→ **The task**:
Only the lines from the one holding "A scatter plot" to the end of the data should be echoed, exactly as they appear, minus the pictures.
+++ Extracted information
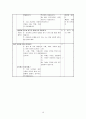 4)과학-4. 모습을 바꾸는 물 - 물의 세가지 상태 알기(세안) 10페이지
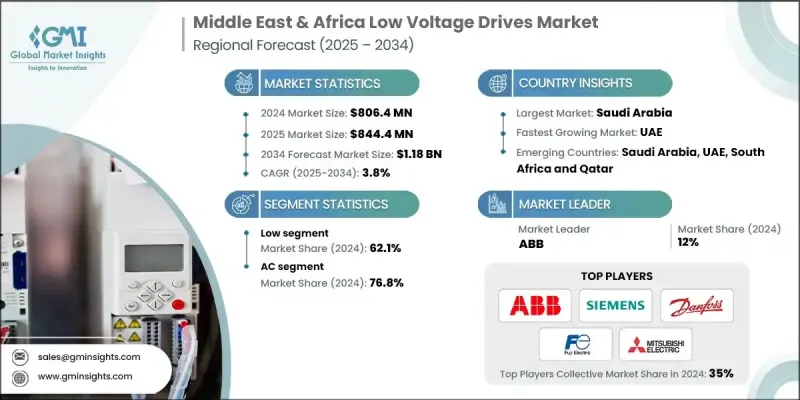Middle East and Africa Low Voltage Drives Market - IMG1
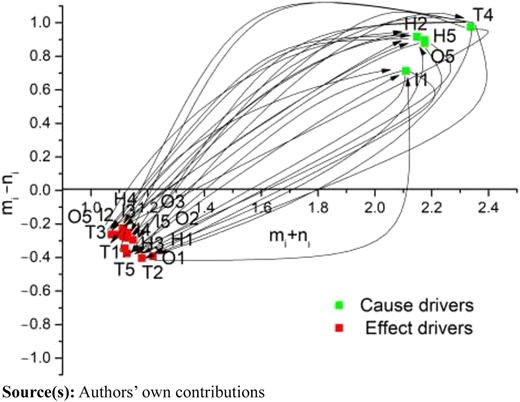 A scatter plot showing causal relationships among key drivers.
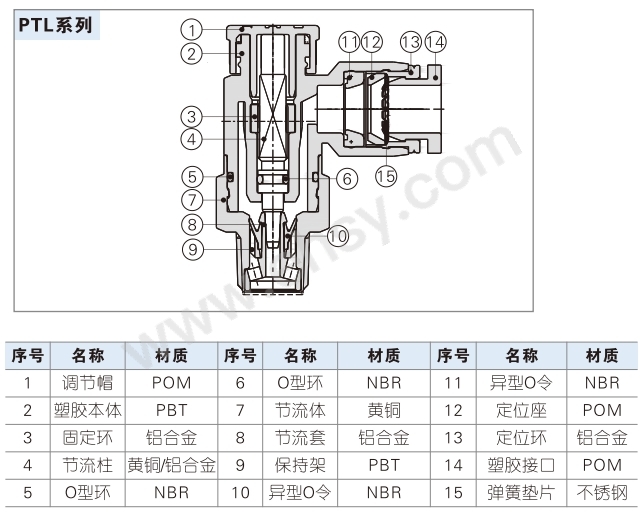 jfdRiQlsIRD9JrvKz%2BlxWrdLl9qzNIbEDuolpPfwNjE%3D%3AaWg0OHRzZGxnUFBZU2FBUg%3D%3D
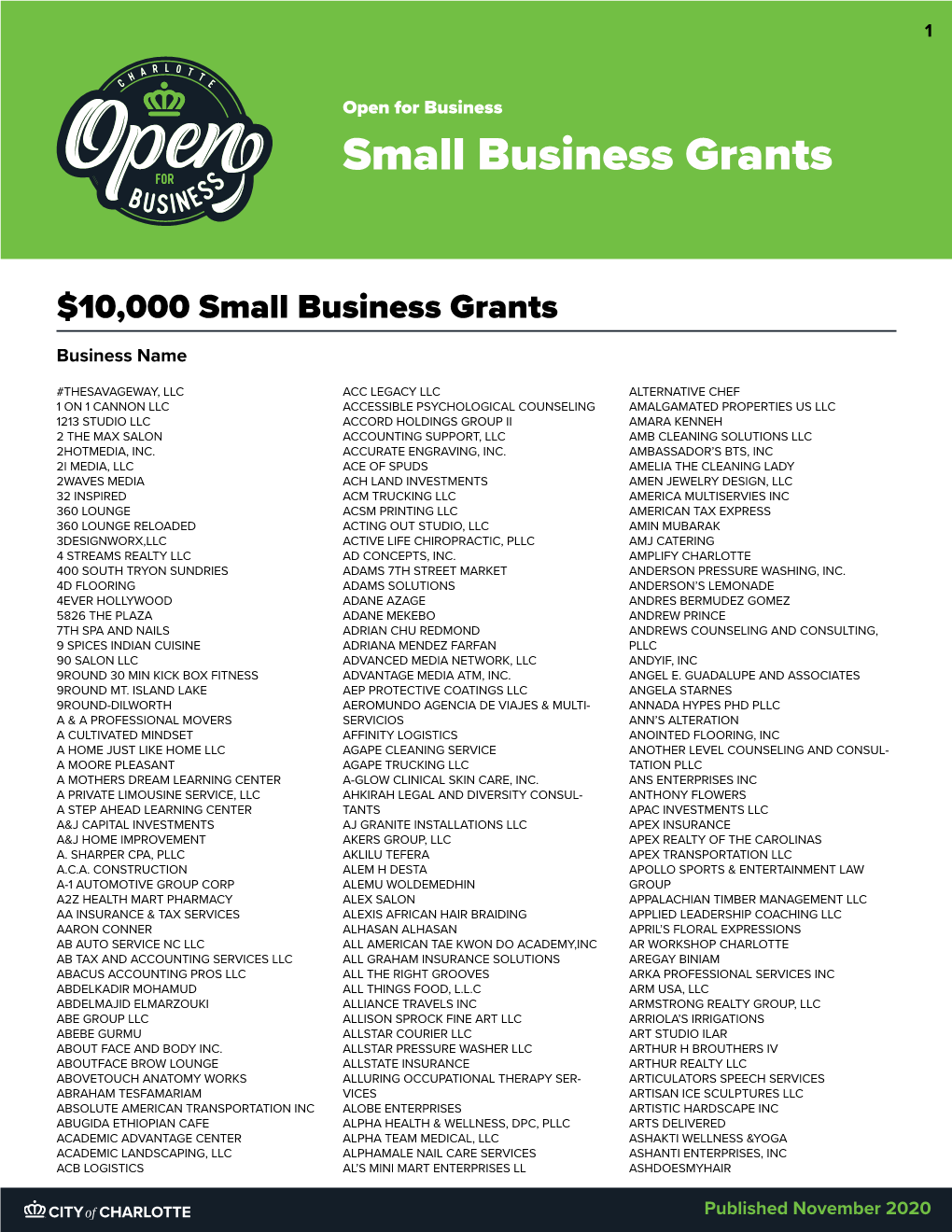 Small Business Grants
++++++
→ **Solution for this problem**:
 A scatter plot showing causal relationships among key drivers.
 jfdRiQlsIRD9JrvKz%2BlxWrdLl9qzNIbEDuolpPfwNjE%3D%3AaWg0OHRzZGxnUFBZU2FBUg%3D%3D
 Small Business Grants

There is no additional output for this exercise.